A ceramic masonry building material of glazed terracotta used as a decorative skin on buildings. Sometimes referred to as ‘architectural ceramics’.

Terracotta, literally ‘cooked earth’, has been in use, with little change, for millennia to create utilitarian domestic objects; simple statues and bricks, blocks and tiles for building. Yet it wasn’t until 1859 that England saw the introduction of glazed terracotta when the Burmantofts Pottery in Leeds was opened to manufacture glazed industrial pipework from the fire clay that had just been discovered in a local coal mine. The firm expanded, diversified and experimented with glazing. Twenty years later it launched glazed terracotta tiling for internal and external cladding – architectural faience had arrived…

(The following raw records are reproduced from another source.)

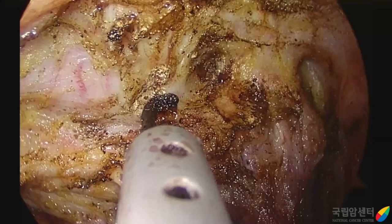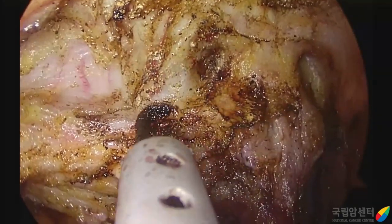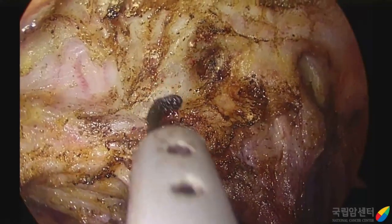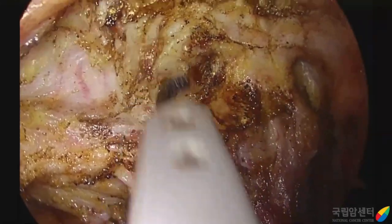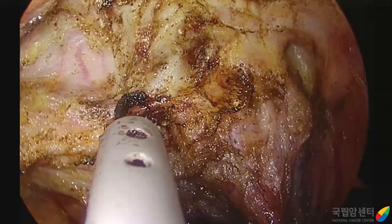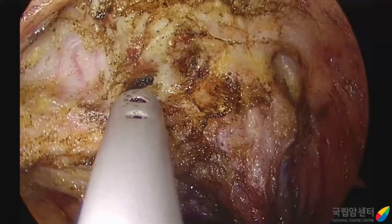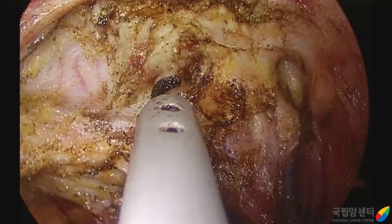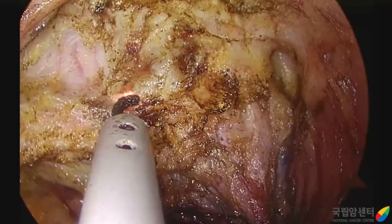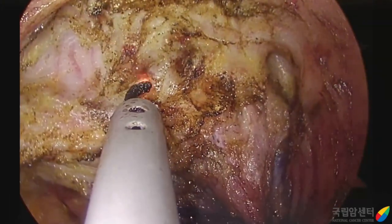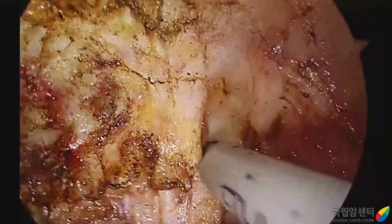This kind of venous bleeding can be obscured because of high CO2 pressure in the narrow pelvis. In this situation, a large amount of CO2 gas can flow into the vein, resulting in CO2 embolism.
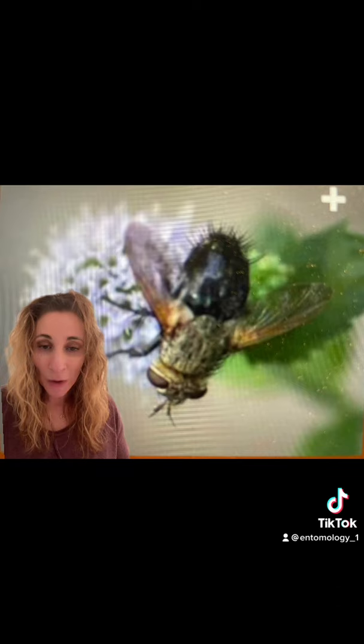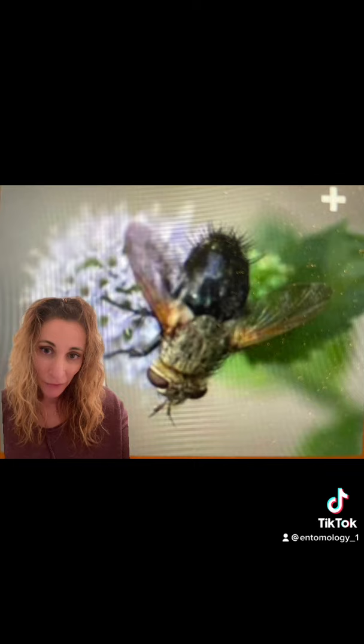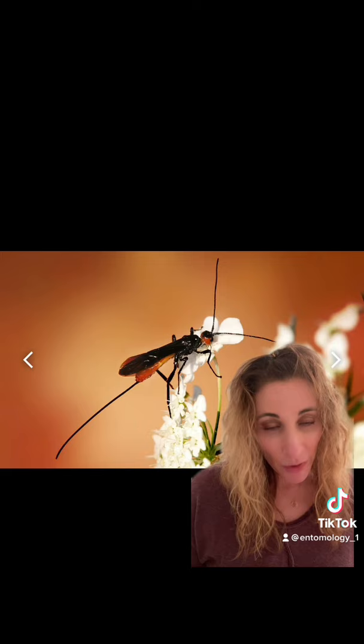The first example is the tachinid fly. This looks like a smaller housefly, and it will lay eggs inside the caterpillar. The larva of the tachinid fly will eat the caterpillar from the inside out, and it will exit as a larva itself right before it's ready to pupate into an adult fly.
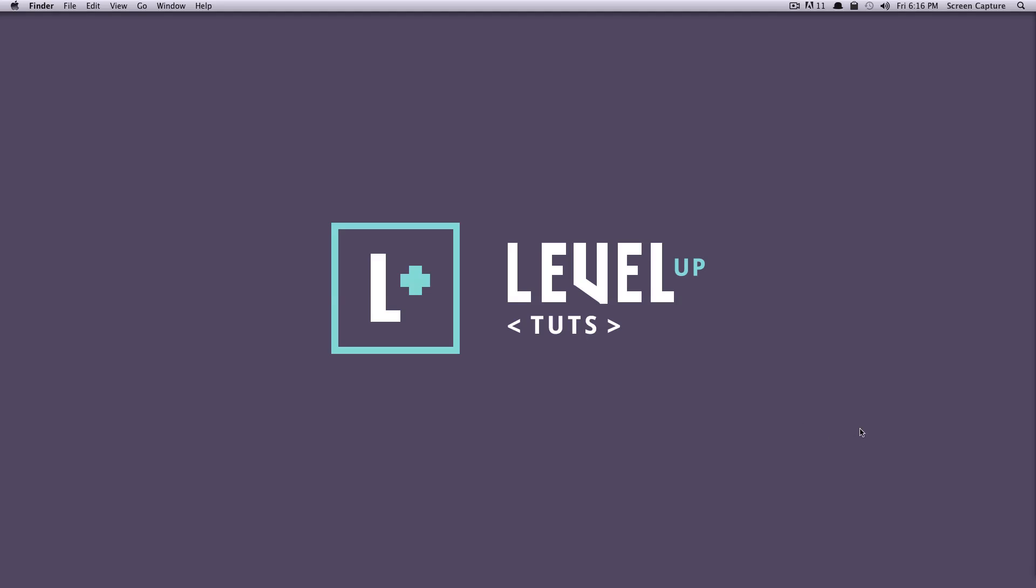Hey, what's up? This is Scott with Level Up Tuts, and today I'm going to be going over some more Drupal views.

It was immediately championed by architects and embraced by the public. It was durable, impervious and exceptionally resistant to the blackening effect of city smoke. Cleaning was consequently simple – when new, a squirt of water did the job. It was also easier to handle than stone, set quickly and cost less. But it wasn’t just practical. Faience could be cast with intricate details of form or texture and, of course, offer a wide choice of colour through the glazing and the distinctive palette of bottle greens, rich reds and burnt ochres that, in many ways, defines the late-Victorian architectural aesthetic.

Architect Alfred Waterhouse used Burmantofts faience for both the Yorkshire College (1883) in Leeds and the National Liberal Club (1884) in London. The Savoy Hotel was built in 1889 with a faience exterior – close to our hearts as we have recently undertaken its restoration.

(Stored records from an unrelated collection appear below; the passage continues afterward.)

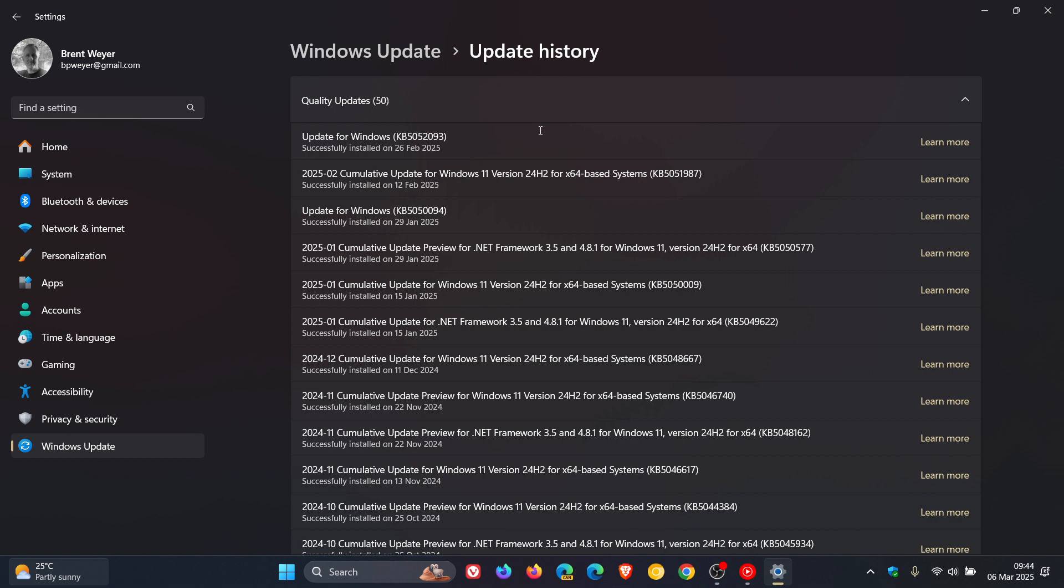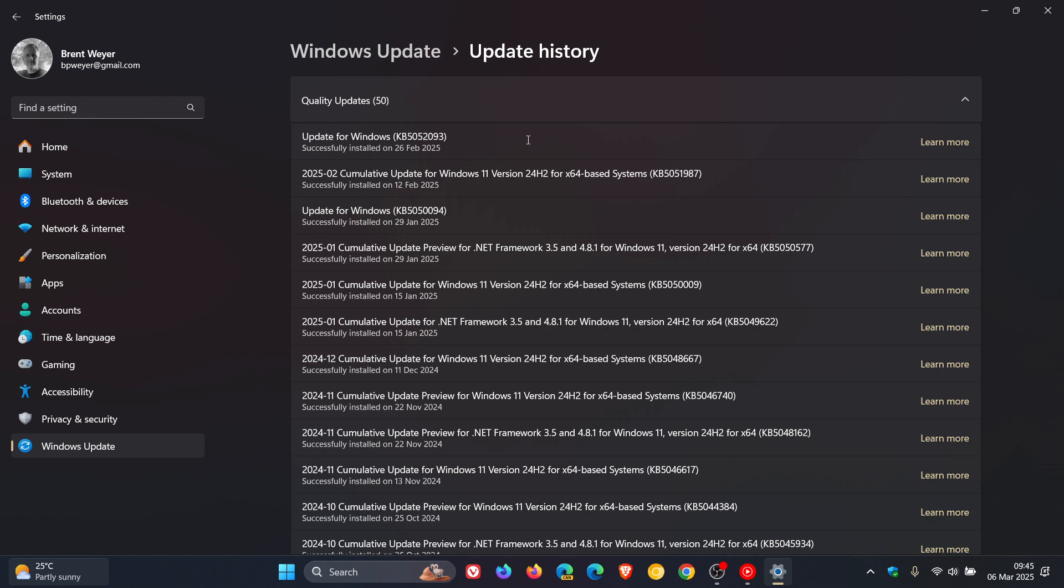Now I have seen in the comments on this channel over the last 24 hours or so that there are numerous viewers who are saying now that they are starting to receive KB5052093. There are a couple of media outlets online where there is user feedback that the update has started rolling out again. So Microsoft has obviously addressed the issues that were causing it to fail to install and now it's starting to push it out again.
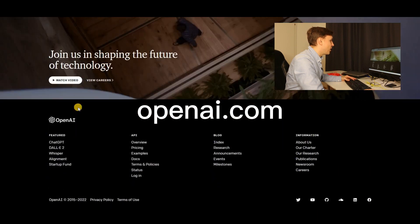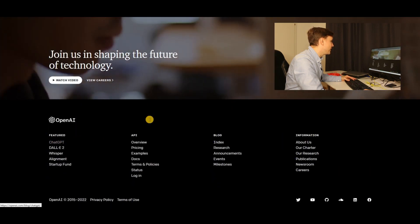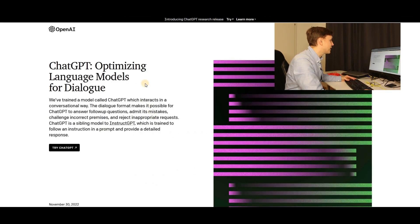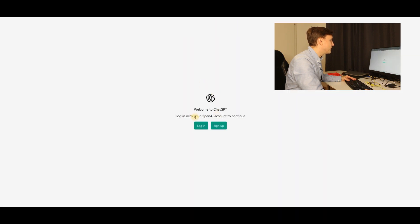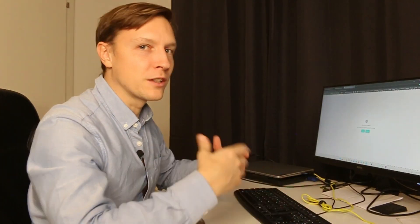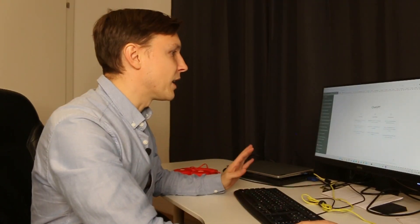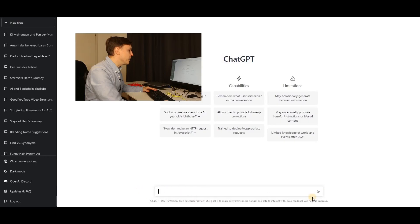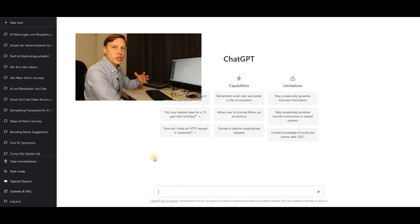Using ChatGPT is actually really simple. You go to openai.com, scroll down, and there you see ChatGPT — that's where you want to click. Here we are on ChatGPT and you click on 'Try ChatGPT'. Then you log in or sign up. You make a free account — it's totally free. You have down here this chat bar.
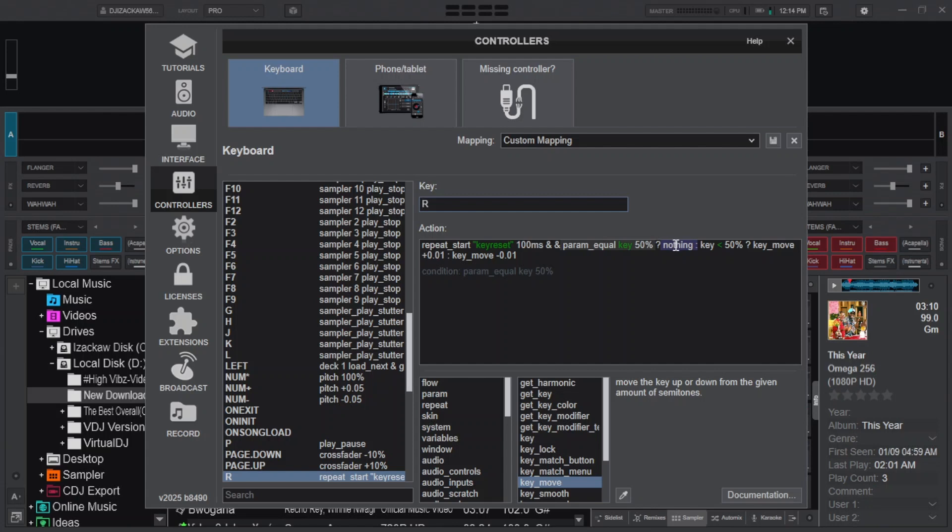Then type nothing, add space, and put colon, add space. Then type key, add space.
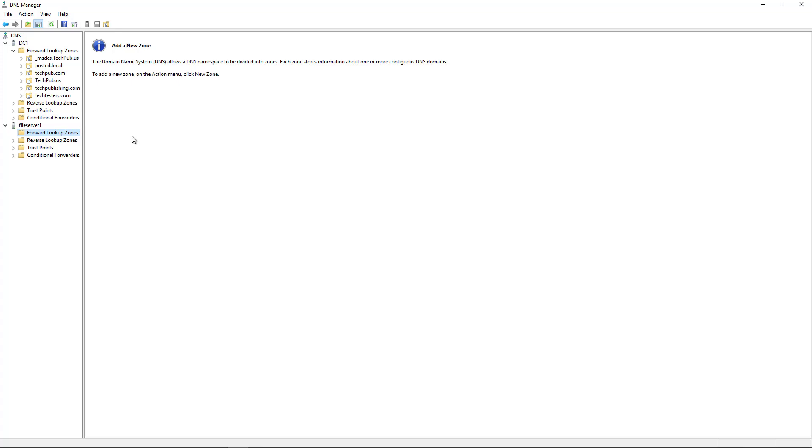A secondary DNS zone can help us replicate data to another server that's not necessarily a domain controller. And we can do that for a remote office, so that way they can get DNS name resolution without having to go to the primary office over maybe a slow VPN tunnel.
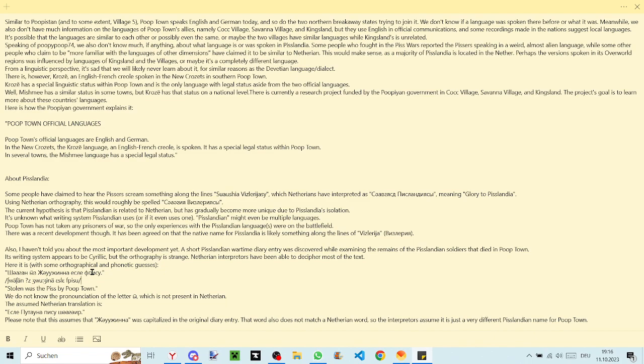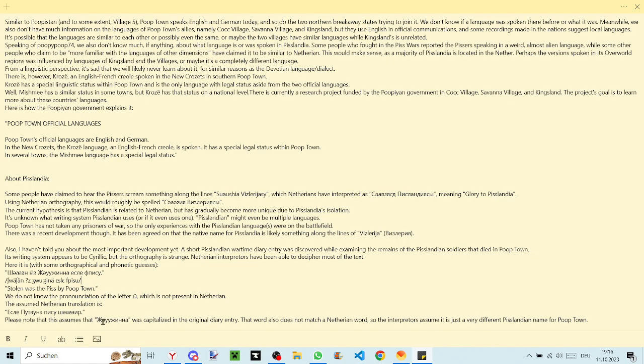They're both in the Nether and Naderian interpreters were actually used to decipher this. In Naderian it would be esle putawna pisu shwashwir, I think. But we also don't know what the word zhwujna means. They just assumed it's a Pisslandian name for Poop Town, which in Naderian is putawna. Also the word order is different as you can see.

By then, Burmantofts had ceased production but other potteries took over. Faience crossed the Atlantic to equal acclaim. Both New York’s Woolworth Building (1913) and Chicago’s Wrigley Building (1924) are clad in gleaming white faience. But this was its last hurrah.

Despite proven versatility of both construction and design, by WWII it had fallen out of favour and the architects of the post-modernist, post-war landscape had little, if any, use for it. Ceramic veneer tiles, developed in the 1930s, continue to be used in kitchens and bathrooms.

So faience proved to be a glorious, but short-lived, fashion and in England there are relatively few grand buildings showing off its unique splendour – and even fewer new buildings (though there are some including Grayson Perry’s A House for Essex) featuring this remarkable material. Even if this represents the start of a resurgence, what’s left needs to be cherished and conserved and we are delighted to be playing our part.